Adaptação biológica permite sobrevivência em águas geladas
A presença do animal exige análise das suas características biológicas. Os tubarões-dormidores possuem adaptações que garantem sobrevivência em ambientes extremamente frios.
De acordo com Dave Ebert, cientista da Universidade Estadual de San José, esses animais se encaixam no grupo dos tubarões polares. Embora não tenha participado da pesquisa, Ebert classificou o registro como surpreendente, mas compatível com o perfil da espécie. Esses tubarões também apresentam longevidade elevada e comportamento adaptado a águas profundas.
Raridade extrema chama atenção dos cientistas
A observação desse tipo de tubarão ocorre raramente em qualquer região oceânica. Segundo Jamieson, em 25 anos de carreira, ele observou apenas quatro indivíduos desse grupo. O registro na Antártida entrou como um evento de raridade excepcional.
“Esse tipo de raridade é absolutamente astronômico”, destacou o pesquisador. Esses animais vivem de forma solitária e permanecem em grandes profundidades, o que dificulta registros frequentes.
Possível corredor térmico pode explicar presença no local
A equipe instalou a câmera subaquática para monitorar a biodiversidade da região. O equipamento acabou registrando o tubarão de forma inesperada.
Segundo Jamieson, pode existir um pequeno corredor de água mais quente naquela área. Essa condição permite que o animal avance mais ao sul do que o habitual.
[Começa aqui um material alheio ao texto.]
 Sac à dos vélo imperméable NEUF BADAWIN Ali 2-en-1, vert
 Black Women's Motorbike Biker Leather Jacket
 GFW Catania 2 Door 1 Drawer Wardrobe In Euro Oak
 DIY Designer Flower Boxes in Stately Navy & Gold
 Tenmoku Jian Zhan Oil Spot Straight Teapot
A hipótese ainda depende de confirmação por estudos futuros.
Descoberta levanta novas questões sobre os oceanos
Ainda não está claro se o tubarão apenas transitou pela região ou se vive ali. O registro indica que tubarões conseguem sobreviver em praticamente qualquer ambiente oceânico.
A descoberta também mostra o quanto os oceanos ainda permanecem pouco compreendidos pela ciência. Segundo Jamieson, diversas perguntas continuam sem resposta. “Existem outros tubarões na Antártida? Eles estão espalhados ou concentrados?”, questionou o cientista.
Novas pesquisas serão necessárias para compreender melhor esse fenômeno e sua real dimensão nos ecossistemas marinhos.
O que essa descoberta pode revelar sobre os limites da vida marinha nos ambientes mais extremos do planeta?